In a good, stiff wind, the sailing tug should save up to 40 percent in diesel fuel consumption, according to John Luce, who has made some preliminary studies of the craft for the Virginia Institute of Marine Science. If he is correct, the savings on a round trip to Baltimore, for example, could be up to $500 in fuel.

"You've got your brigantine and your barkentine," Briggs said, referring to sailing vessels. "Well, we got out tugantine.''

Briggs, who wears a gold earring in his left ear, has a knack for knowing a good word when he stumbles upon it. He registered his word "tugantine" as a trademark and, through a marina he runs here, has sold more than 2,000 "tugantine" t-shirts.

His son, Jesse, 22, has delivered a tugantine paper at the International Tug Conference in Hamburg, Germany.
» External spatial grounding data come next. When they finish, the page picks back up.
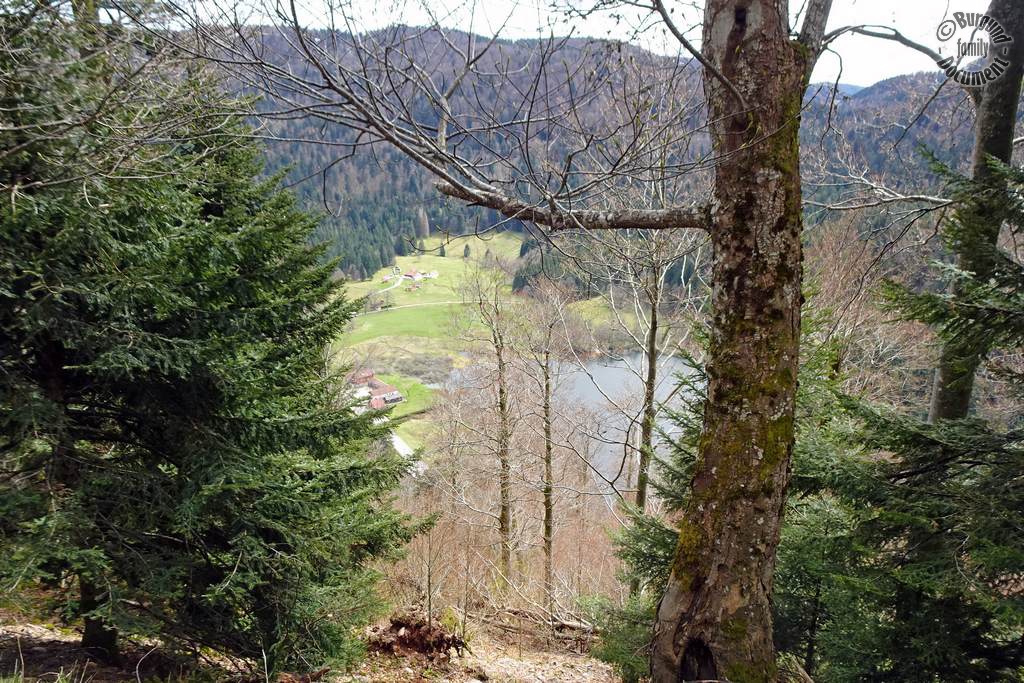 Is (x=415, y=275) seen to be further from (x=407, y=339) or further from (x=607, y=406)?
(x=407, y=339)

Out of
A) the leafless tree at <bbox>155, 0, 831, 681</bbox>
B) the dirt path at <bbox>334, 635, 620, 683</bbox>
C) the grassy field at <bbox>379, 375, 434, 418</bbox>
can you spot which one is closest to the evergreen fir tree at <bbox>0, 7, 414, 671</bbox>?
the dirt path at <bbox>334, 635, 620, 683</bbox>

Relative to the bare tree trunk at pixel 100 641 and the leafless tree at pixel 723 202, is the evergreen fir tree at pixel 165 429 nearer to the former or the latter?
the bare tree trunk at pixel 100 641

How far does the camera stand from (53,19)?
4012 mm

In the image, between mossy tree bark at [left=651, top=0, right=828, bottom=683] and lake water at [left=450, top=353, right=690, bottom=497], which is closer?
mossy tree bark at [left=651, top=0, right=828, bottom=683]

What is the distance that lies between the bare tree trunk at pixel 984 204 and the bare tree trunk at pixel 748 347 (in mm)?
1747

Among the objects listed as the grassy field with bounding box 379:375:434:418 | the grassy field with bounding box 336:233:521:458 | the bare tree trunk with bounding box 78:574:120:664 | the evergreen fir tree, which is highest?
the evergreen fir tree

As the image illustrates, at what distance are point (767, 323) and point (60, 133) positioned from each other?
4702 mm

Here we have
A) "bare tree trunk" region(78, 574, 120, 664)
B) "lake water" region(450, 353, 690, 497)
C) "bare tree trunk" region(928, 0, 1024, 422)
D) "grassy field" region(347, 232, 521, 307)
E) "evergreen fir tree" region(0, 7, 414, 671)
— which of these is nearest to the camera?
"grassy field" region(347, 232, 521, 307)

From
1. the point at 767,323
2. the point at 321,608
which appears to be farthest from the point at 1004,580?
the point at 321,608

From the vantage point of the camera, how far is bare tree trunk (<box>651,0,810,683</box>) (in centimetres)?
240

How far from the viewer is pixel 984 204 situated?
3.26 meters

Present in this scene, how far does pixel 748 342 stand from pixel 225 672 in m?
5.30

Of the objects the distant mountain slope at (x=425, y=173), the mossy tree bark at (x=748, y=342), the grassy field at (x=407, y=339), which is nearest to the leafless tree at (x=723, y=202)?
the mossy tree bark at (x=748, y=342)

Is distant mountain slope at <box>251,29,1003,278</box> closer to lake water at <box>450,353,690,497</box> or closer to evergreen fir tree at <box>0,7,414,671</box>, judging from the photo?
evergreen fir tree at <box>0,7,414,671</box>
And Briggs has put together an elaborate plastic-covered fact sheet on his boat, which is still docked in his marina awaiting its sails. The fact sheet includes a "Norfolk Rebel Bibliography," and 17 newspapers and magazine articles that have mentioned his tug.

The captain doesn't mind a little self-promotion. He has an ear for the catchy name, and once he finds one that he likes, he stays with it. Briggs has named nearly everything in his business "Rebel," including his marina, both of his tug boats and his dog.

"That's right," says Briggs the son of a North Carolina dirt farmer turned tugboat master. "Everything with me is Rebel." Indeed, the whisky bottle he bashed on the bow of his tug was labeled "Rebel Yell," the only brand that Briggs claims to drink.

Briggs makes no apologies for trying to attract attention to himself and his boat. "If you have a dream, you have to get the peoples' attention."

The dream for which Briggs has successfully attracted attention is a 51-ft. long, 66,000 pound tug that will be powered by a set of sails that will be attached to two masts and a 320 horsepower diesel engine, when the winds are low. The masts are short so they can fit under all the bridges in the Intercoastal Waterway.

When the Norfolk Rebel is ready for work, probably sometime late this summer, Briggs says he'll use it for salvage, towing and commercial fishing. What will he do it he's pulling a barge into the wind?

"I'll take down the sails," said Briggs. "Obviously, you can't use the sails with a lead wind and you can't tack into the wind when you're pulling a barge. But we figure we can use the sails about 60 to 70 percent of the time on the bay."

With 1,048 square feet of sails and a 30-mile-an-hour wind, the Virginia Institute of Marine Science has estimated the tug can save up to six gallons of diesal fuel an hour. The tug would normally use about 12 gallons an hour.

Clifford Hubbard, a longtime by sailor and maritime writer for The Virginian-Pilot, calls Briggs' idea "an authentic first" and says he's surprised no one else ever came up with the idea before.

"There's a lot of going for this tugantine besides fuel (savings)," Briggs said. He claims a tug with sails rides smoother in rough water, that an engine will last longer and that there's always the "come-home capability." By that, Briggs means that if his engine conks out or he runs out of diesel fuel, he can sail home -- if the wind is blowing.